Kichae

joined 1 year ago
[–] Kichae@lemmy.ca 9 points 1 week ago

There are multiple publicly accessible food databases out there. Waistline uses Open Food Facts and the USDA food database, for instance.

[–] Kichae@lemmy.ca 8 points 1 week ago (2 children)

It's not a community setting or feature. It's a fact of the internet.

If you publish something to someone else's website, you no longer have any control over it. And federation means publishing your content on thousands of websites, many of them not even running the same software. Your comments are out there on mbin sites, Friendica sites, Hubzilla sites, Mastodon sites, Misskey sites, and many others. Someone's pribably got a custom web server they developed, slapped some ActivityPub inside of it, and didn't bother to make it even understand delete requests.

This is the internet. It is public, and it is forever. You really need to treat it as such.

[–] Kichae@lemmy.ca 9 points 1 week ago

Sure, and all 5 people who were using torrents in 2002 were having a grand old time with them, too, I'm sure.

[–] Kichae@lemmy.ca 27 points 1 week ago (4 children)

These are usenet data sales. Usenet is an old network of distributed discussion groups that predates the web by about a decade. It contains a large trove of media and software - particularly older media and software - that is easy to acccess because it's not a P2P network that is reliant others keeping their shares alive.
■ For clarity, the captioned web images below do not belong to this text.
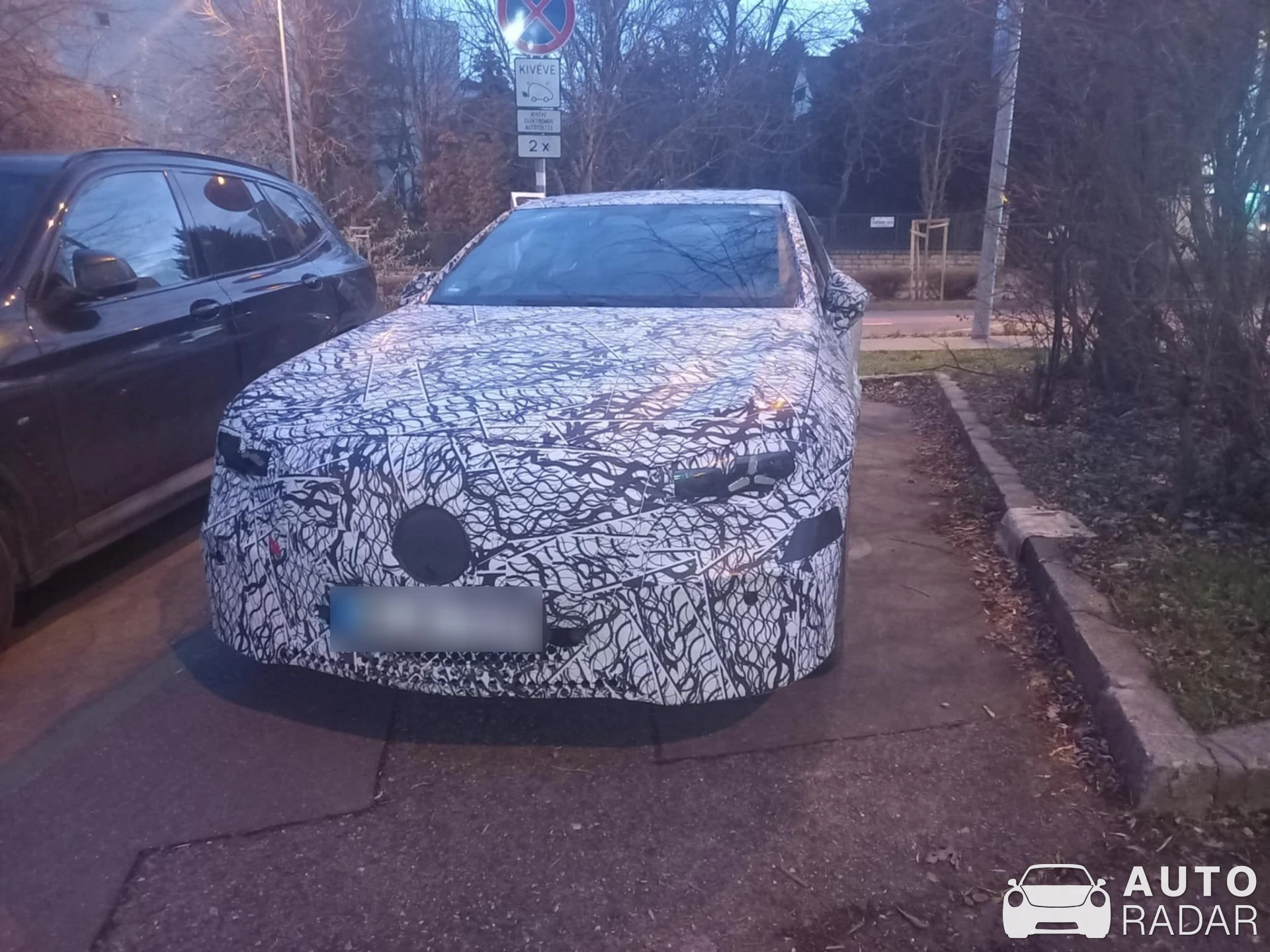 Mercedes-Benz GLK-Klasse spotted in Budapest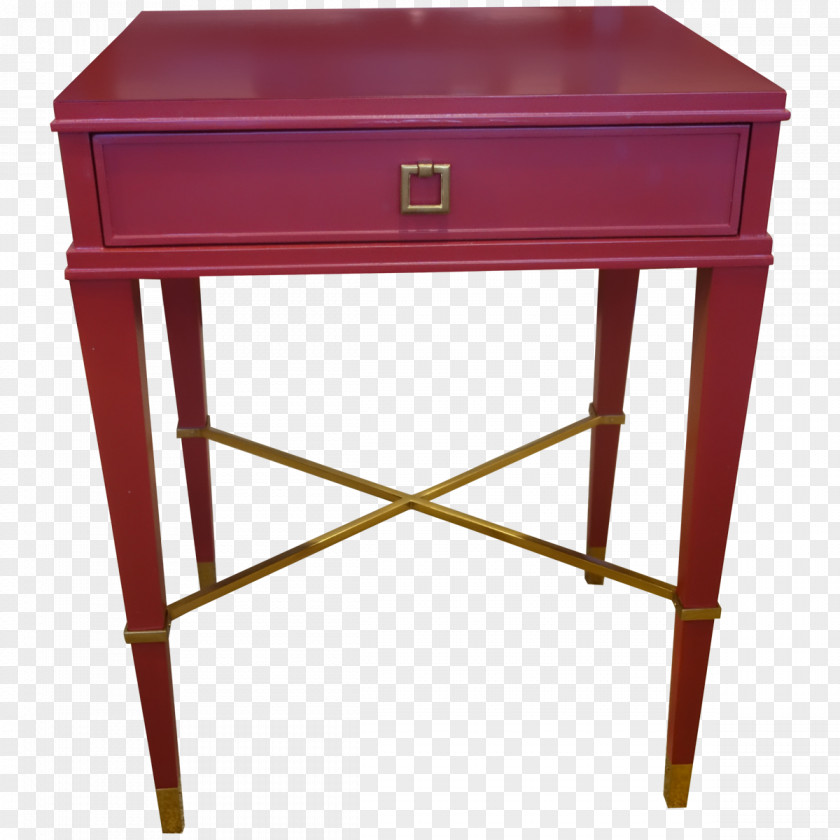 Table Bedside Tables Drawer House Furniture PNG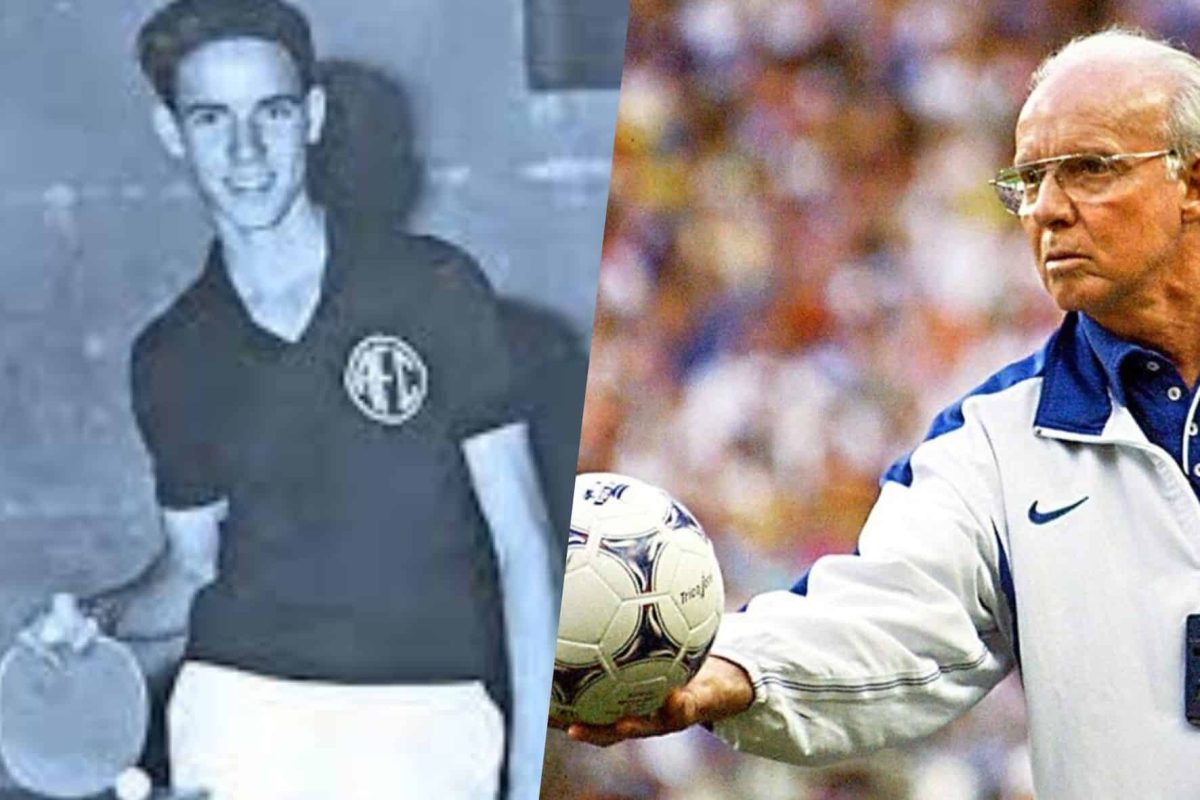 Zagallo já foi jogador de tênis de mesa e você não sabia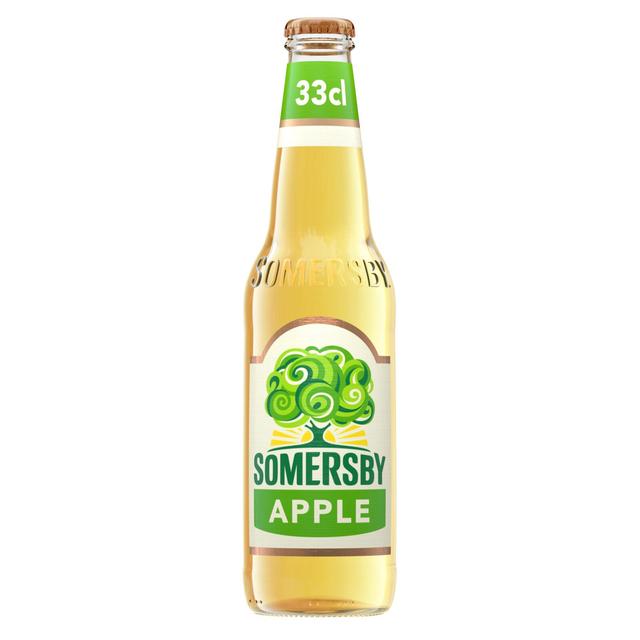 Somersby Apple omenasiideri 4,5 % lasipullo 0,33 L
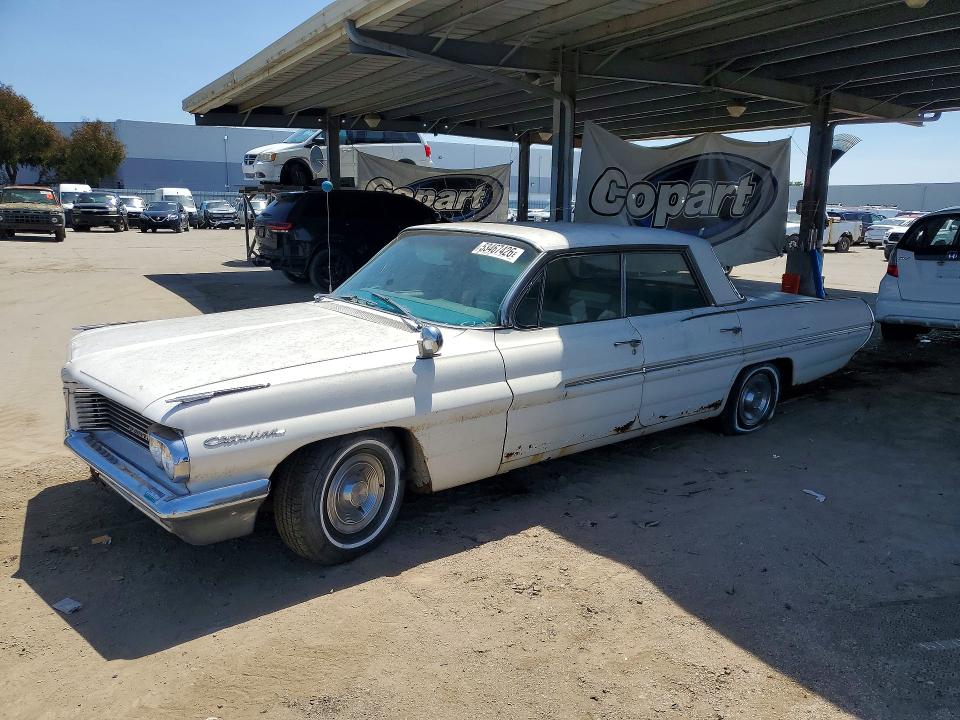 Продажа на аукционе авто 1961 Pontiac Catalina, vin: 362P47952, номер лота: 53467426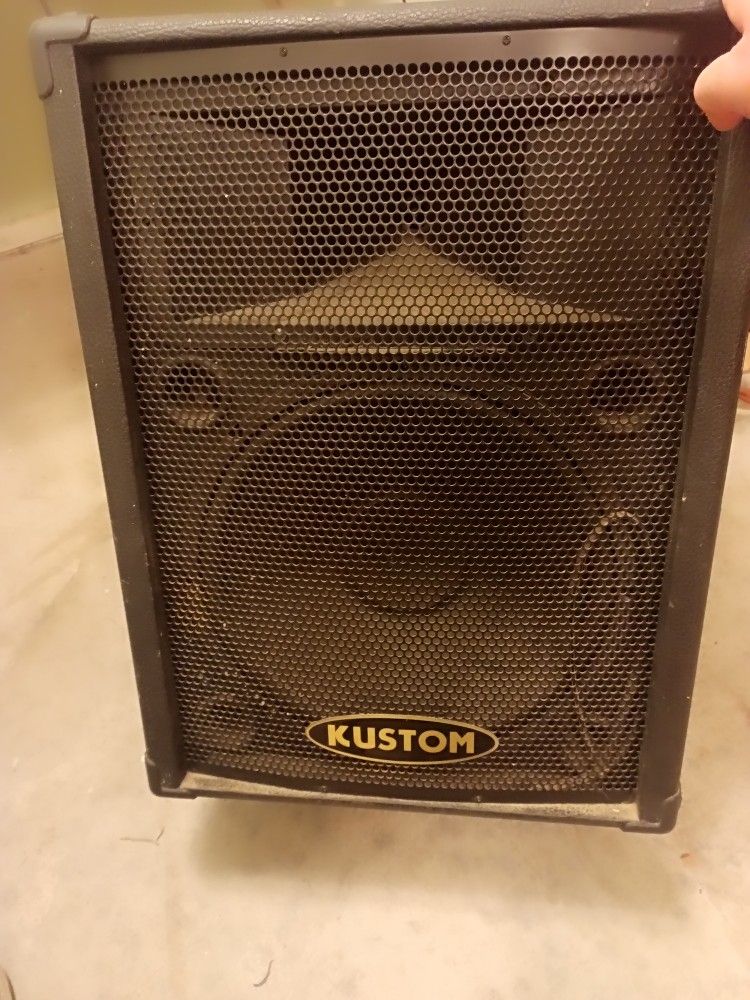 Speaker Cabinet Kustom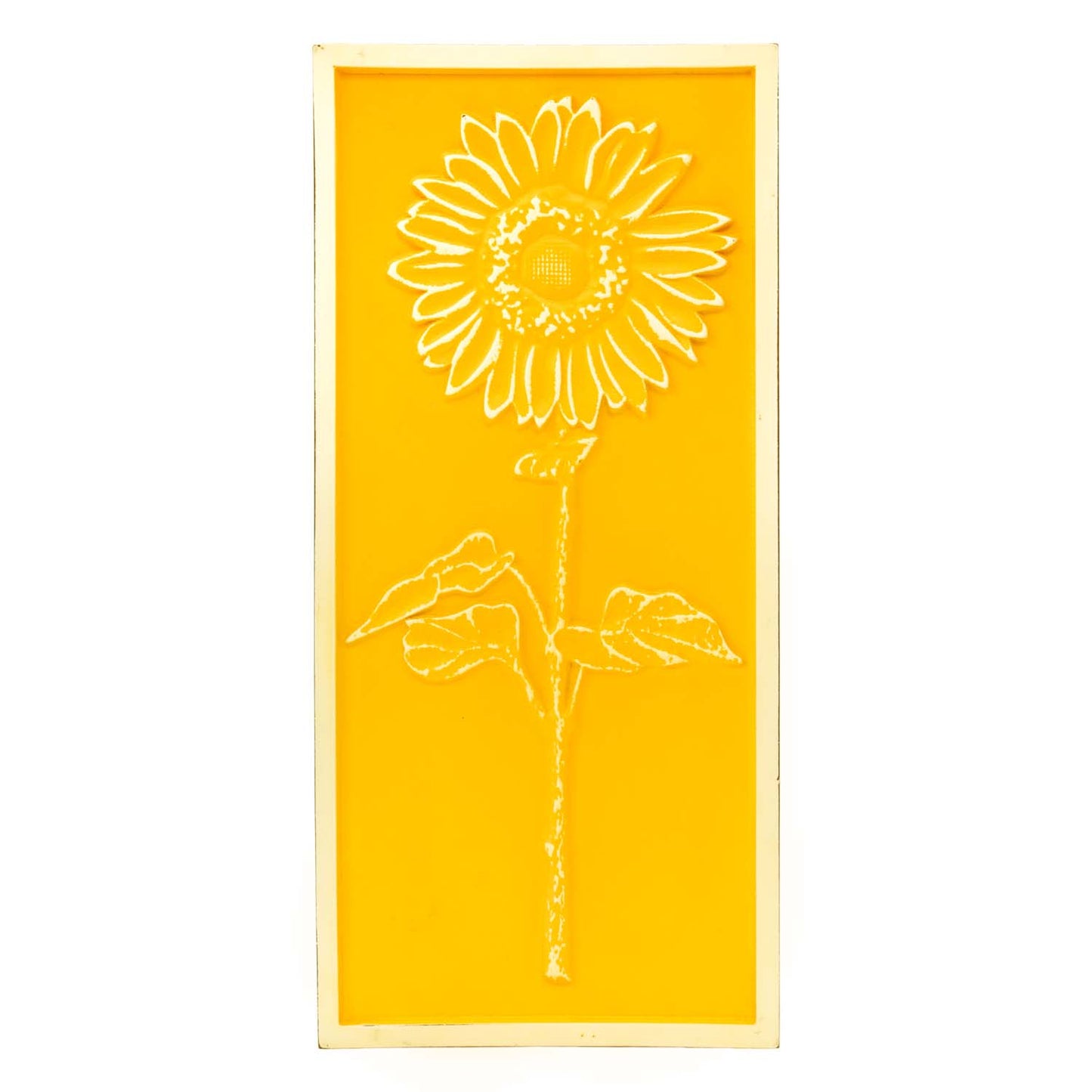 WAF57705 - Yellow Rectangular Sunflower Sign
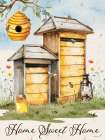 Home Sweet Home Wild Beehives Art Print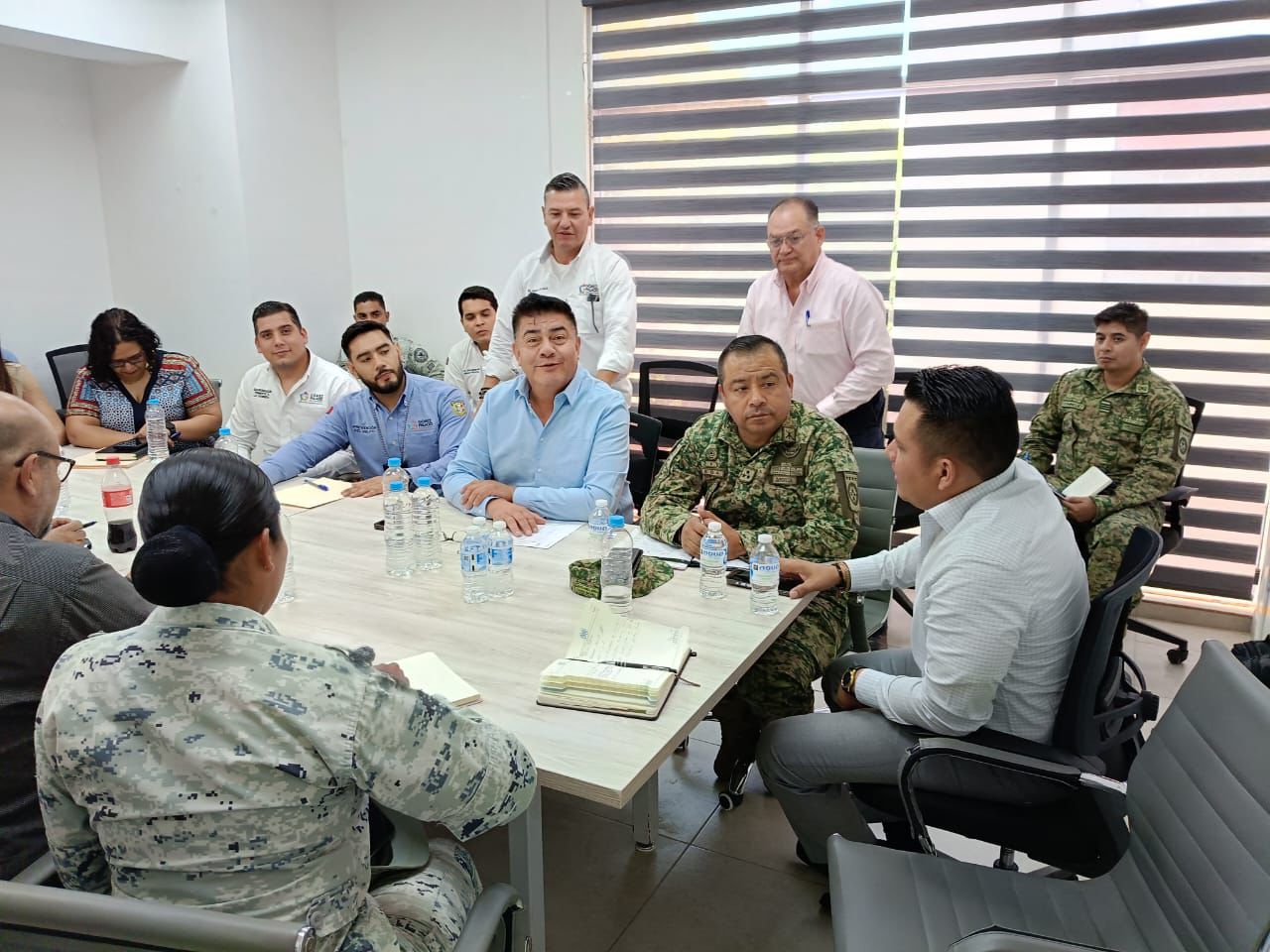 Mesa de Seguridad en Gómez Palacio.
Many usenet providers offer bulk data plans, rather than continual subscriptions. This means you buy x GB of bandwidth, and you use it on whatever time table you like.These are great if you don't do a lot of downloading, or if you're just trying it out, or if you're using usenet as a secondary or tertiary source for things.

Like the fesiverse, most usenet providers do not provide a full view of the whole network, so it can also be good to have a secondary provider that has different retention policies, so a lot of usenet users will buy these data blocks for that purpose, as well.

[–] Kichae@lemmy.ca 3 points 1 week ago (1 children)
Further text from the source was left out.